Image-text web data

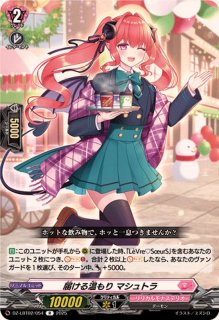 シャルモート - カードラッシュヴァンガード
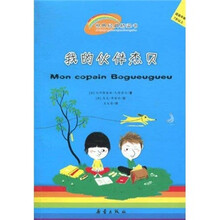 我的伙伴杰贝(适度年龄7岁以上)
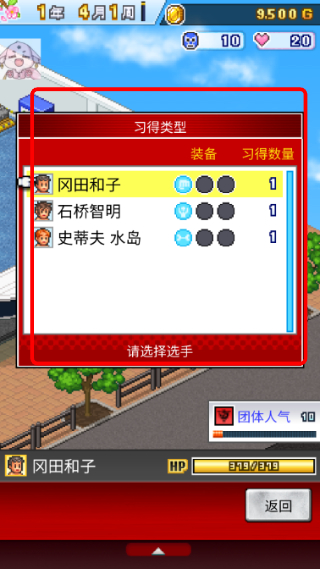摔跤擂台物语折相思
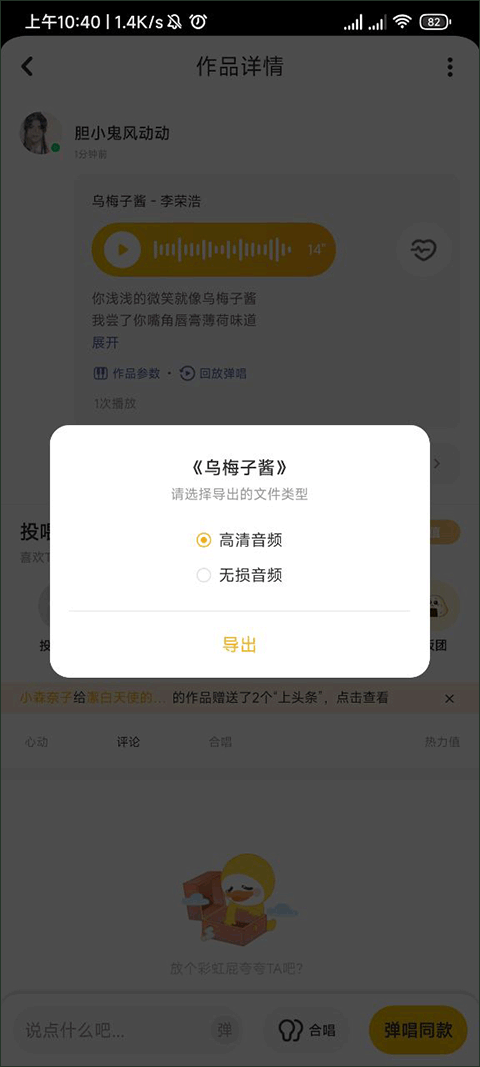 唱鸭app
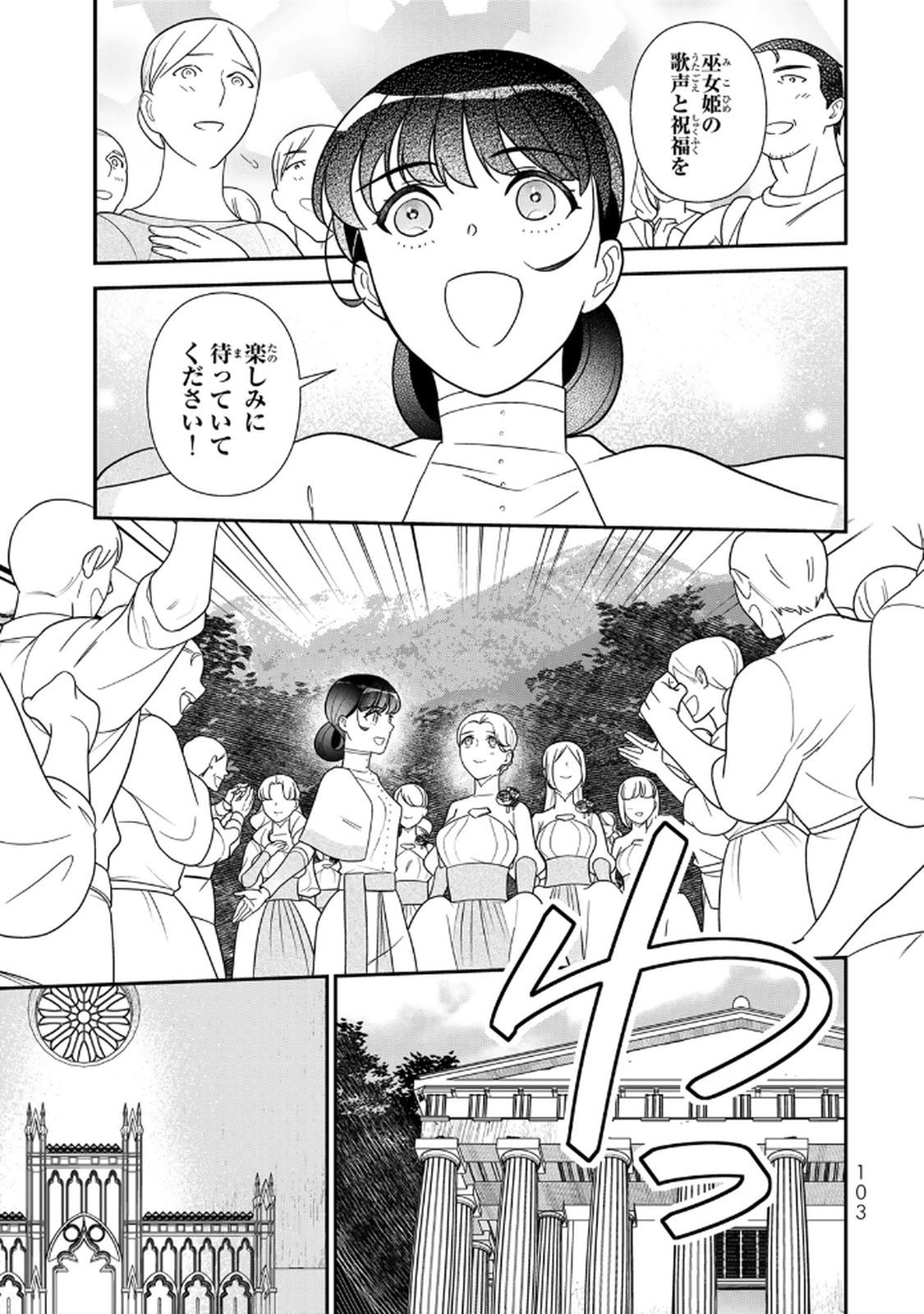 Nibante no Onna: Utahime to shite no Hokori o Mune ni, Saigo no Gohoukou o Itashimasu Chapter 18 17ページ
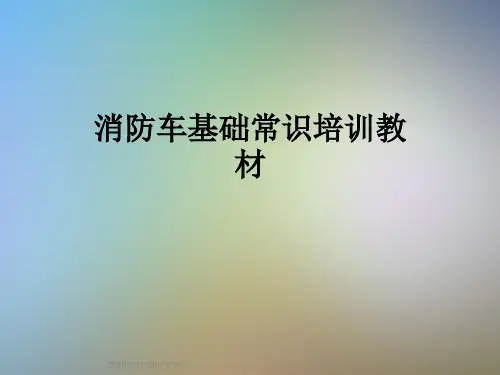 消防车基础常识培训教材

* [BRIEF]
The entries above are to be returned exactly, without their pictures.

* [WRITTEN RESPONSE]
 シャルモート - カードラッシュヴァンガード
 我的伙伴杰贝(适度年龄7岁以上)
摔跤擂台物语折相思
 唱鸭app
 Nibante no Onna: Utahime to shite no Hokori o Mune ni, Saigo no Gohoukou o Itashimasu Chapter 18 17ページ
 消防车基础常识培训教材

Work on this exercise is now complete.